More than 270 companies, government officials, and others from 46 countries also are implicated in papers from the former Iraqi Oil Ministry now being held by the Iraq Governing Council, according to a report from ABC News.
The Washington Post reports that among the individuals who allegedly took part in the scams is U.N. Undersecretary General Benon Sevan, who administered the Oil-for-Food program, which began in 1996.
Sevan and others allegedly paid $4.4 billion in kickbacks to Saddam Hussein’s government in exchange for oil vouchers and other incentives that gave them the right to trade in Iraqi oil at cut-rate prices.
Though ABC News last week quoted an August 1998 memo from Iraq that allegedly implicates Sevan in a $3.5 million deal in illegally traded oil, Sevan so far has denied any wrongdoing.
U.N. Secretary General Kofi Annan last week said the U.N. will “investigate these allegations very seriously,” proposing a three-member independent panel to look into the charges.
Russia, whose Communist Party, Liberal Democratic Party, Presidential Cabinet, and Russian Orthodox Church all are implicated in the kickback scheme, initially blocked the proposed investigation.
After Annan interceded with a personal phone call to Russian Foreign Minister Sergey Lavrov, the country’s former ambassador to the United Nations, Russia relented, reported the New York Times.
The inquiry panel will be headed by Paul Volcker, former head of the U.S. Federal Reserve. He will be joined by a former South African prosecutor of war crimes in Rwanda and the former Yugoslavia and by a Swiss law professor with expertise in tracking money laundering, according to the Times.

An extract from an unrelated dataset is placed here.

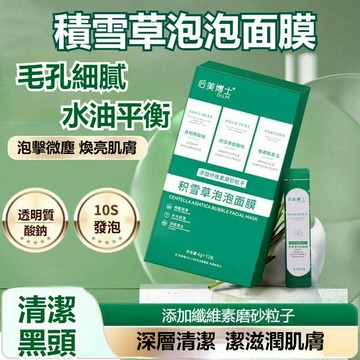 【現貨】積雪草泡泡面膜 泡泡面膜 面膜 保濕面膜 氣泡面膜 積雪草發泡面膜 積雪草 發泡面膜 去黑頭 保濕 溫和 補水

“If there is substance” to the allegations, Volcker said last week, the best course will be to “get it out there, get it out in a hurry, and cauterize the wound.”
Last month, the independent investigative arm of the U.S. Congress concluded that Saddam Hussein’s government pilfered more than $10 billion from the Oil-for-Food program, which was designed to help the Iraqi people endure an international trade embargo imposed after the 1991 Persian Gulf War.